Respondent has practiced law in Orange County since his certification by this court in 1958. During this time, even during the period following his conviction for the offense now under consideration, he has enjoyed an excellent reputation among members of his community. In particular, his clients and fellow attorneys have expressed a high regard for his competence, trust-worthiness, and unselfishness, as well as for his willingness to provide professional services to those in need. As the facts to follow will disclose, respondent's excessive exercise of the last of these characteristics may well account for the conduct that led to this proceeding.

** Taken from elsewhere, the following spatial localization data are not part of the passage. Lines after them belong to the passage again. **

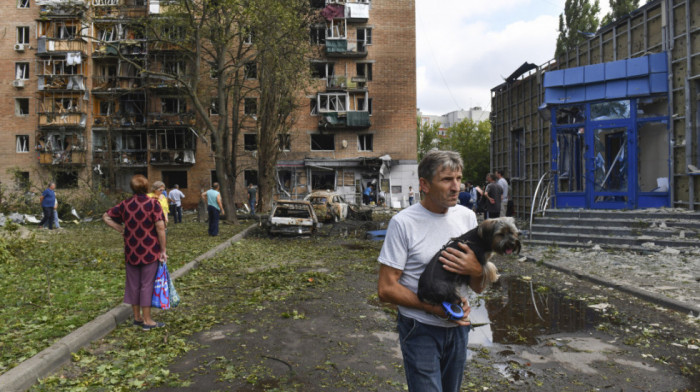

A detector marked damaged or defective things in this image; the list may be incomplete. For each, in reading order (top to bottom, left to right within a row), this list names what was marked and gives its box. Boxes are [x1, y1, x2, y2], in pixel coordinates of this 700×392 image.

broken window [358, 62, 374, 81]
damaged apartment building [1, 0, 416, 208]
damaged apartment building [492, 0, 700, 214]
broken window [310, 134, 334, 151]
broken window [358, 136, 374, 152]
burned car [266, 199, 318, 236]
damaged car [266, 201, 318, 234]
burned car [302, 191, 348, 222]
damaged car [304, 191, 350, 222]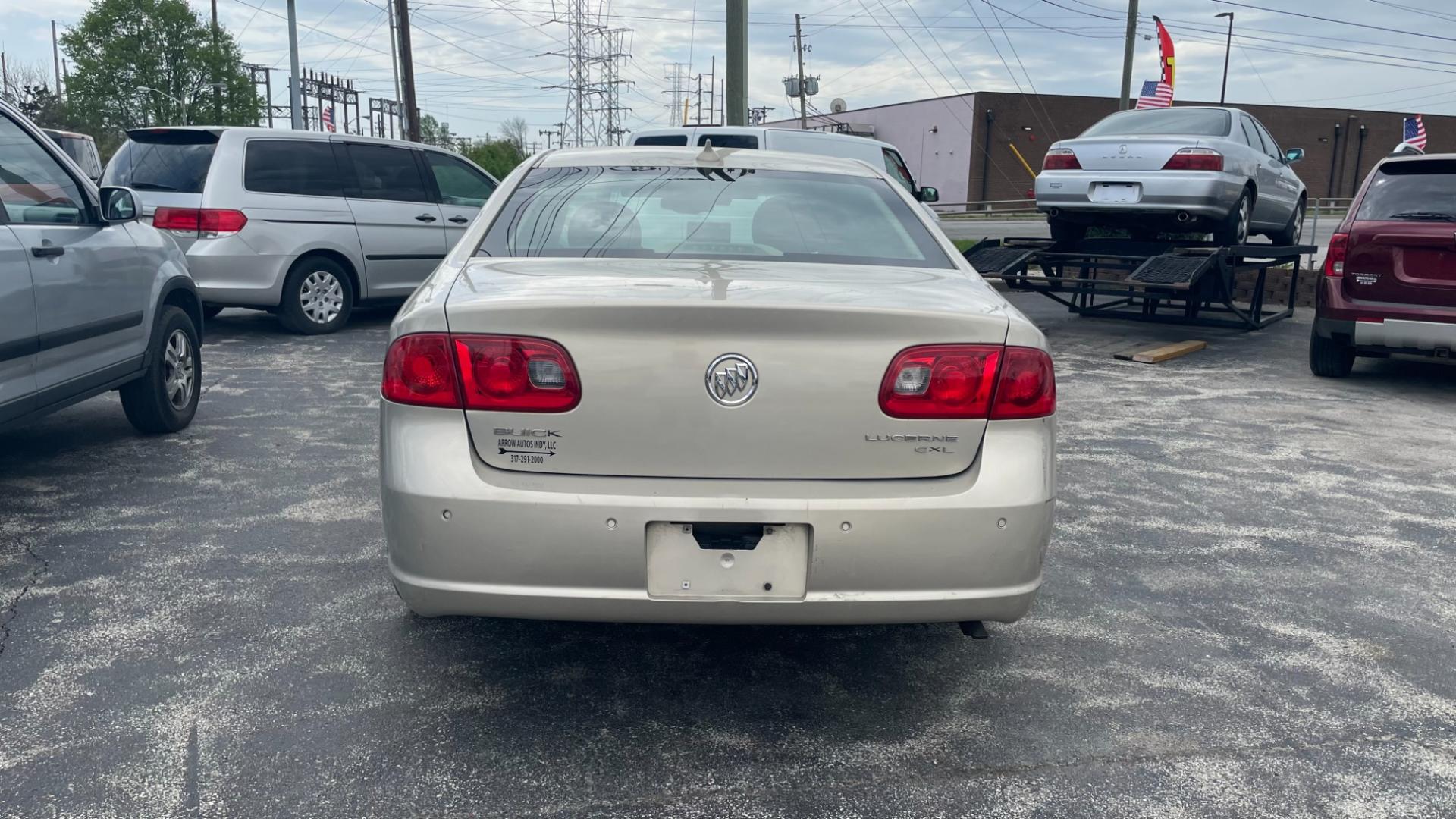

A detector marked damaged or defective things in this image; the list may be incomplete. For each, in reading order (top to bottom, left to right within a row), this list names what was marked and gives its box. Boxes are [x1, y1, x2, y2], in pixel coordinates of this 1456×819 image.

parking lot crack [0, 530, 47, 655]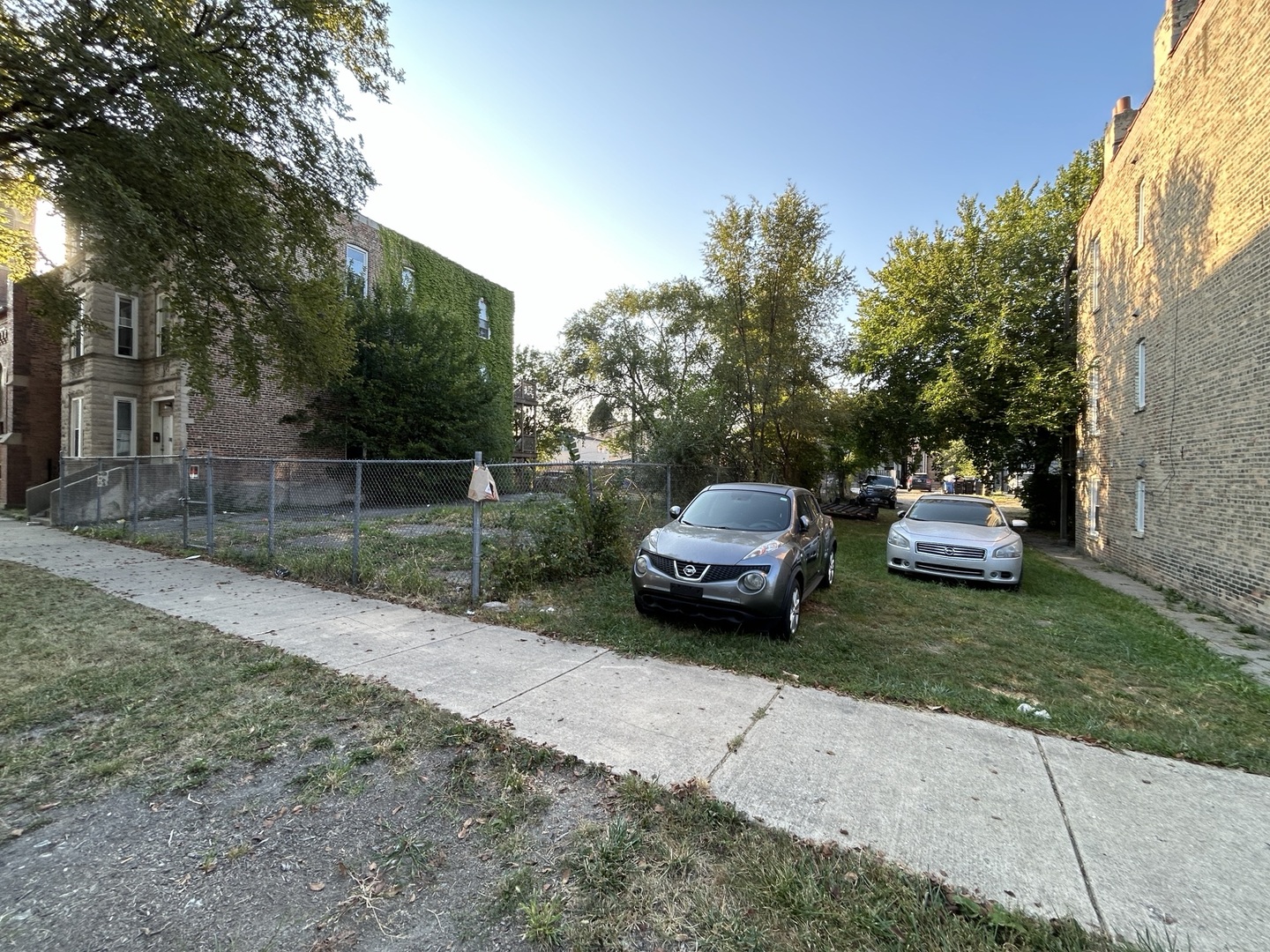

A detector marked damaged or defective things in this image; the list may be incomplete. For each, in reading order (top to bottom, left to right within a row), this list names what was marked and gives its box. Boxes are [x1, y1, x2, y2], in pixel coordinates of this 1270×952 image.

sidewalk crack [1036, 736, 1107, 939]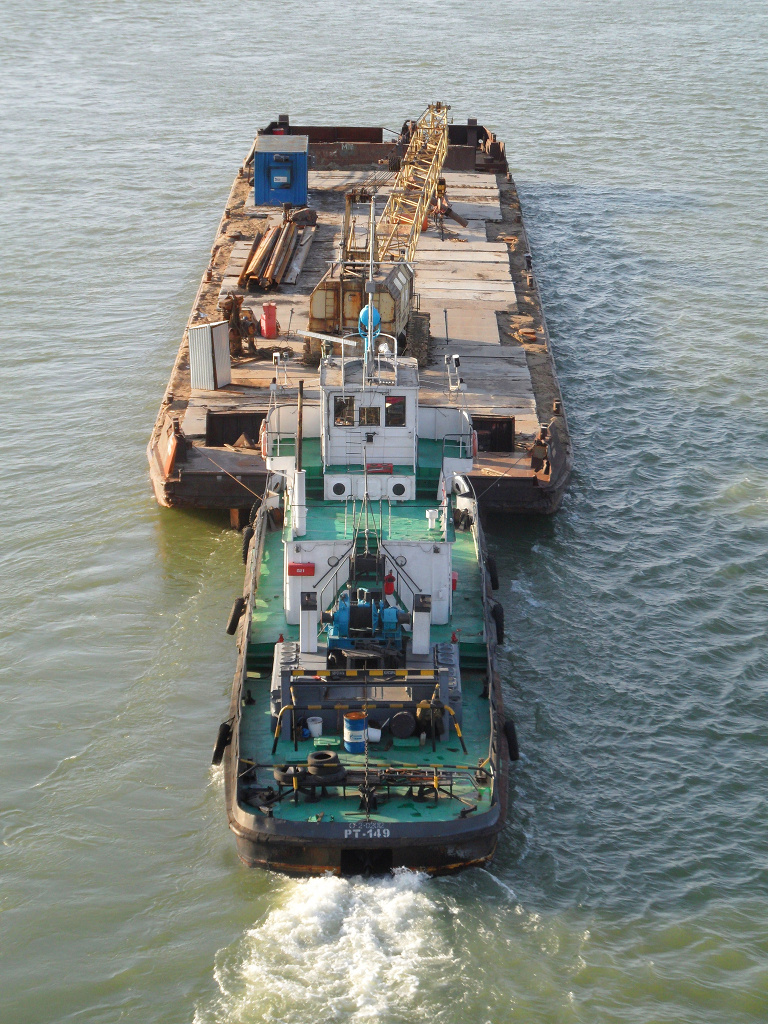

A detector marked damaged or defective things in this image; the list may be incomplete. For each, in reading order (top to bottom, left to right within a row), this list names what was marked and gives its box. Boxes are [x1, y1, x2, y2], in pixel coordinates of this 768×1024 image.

Among the persons whom respondent has helped over the years is John Bagley, a free lance pilot whom respondent has assisted since 1956 by providing loans, jobs, referrals for jobs, and occasional legal representation. In July 1968 Bagley, whose wife and mother faced serious illnesses, approached respondent with a request for a $200 loan. At this time respondent's investments were in unfortunate condition; moreover, Bagley stood in considerable debt to respondent. For these reasons respondent refused to lend the requested sum but suggested that he might be able to locate work for Bagley.

In the months prior to Bagley's request for a loan, respondent became socially acquainted with a group of young adults who evidently desired to obtain sources of marijuana for themselves and for distribution to others. Although respondent did not smoke marijuana himself, these friends and acquaintances, knowing of respondent's interest in private aviation, occasionally suggested to respondent that he put them in touch with any pilot who would be willing to fly marijuana from Mexico.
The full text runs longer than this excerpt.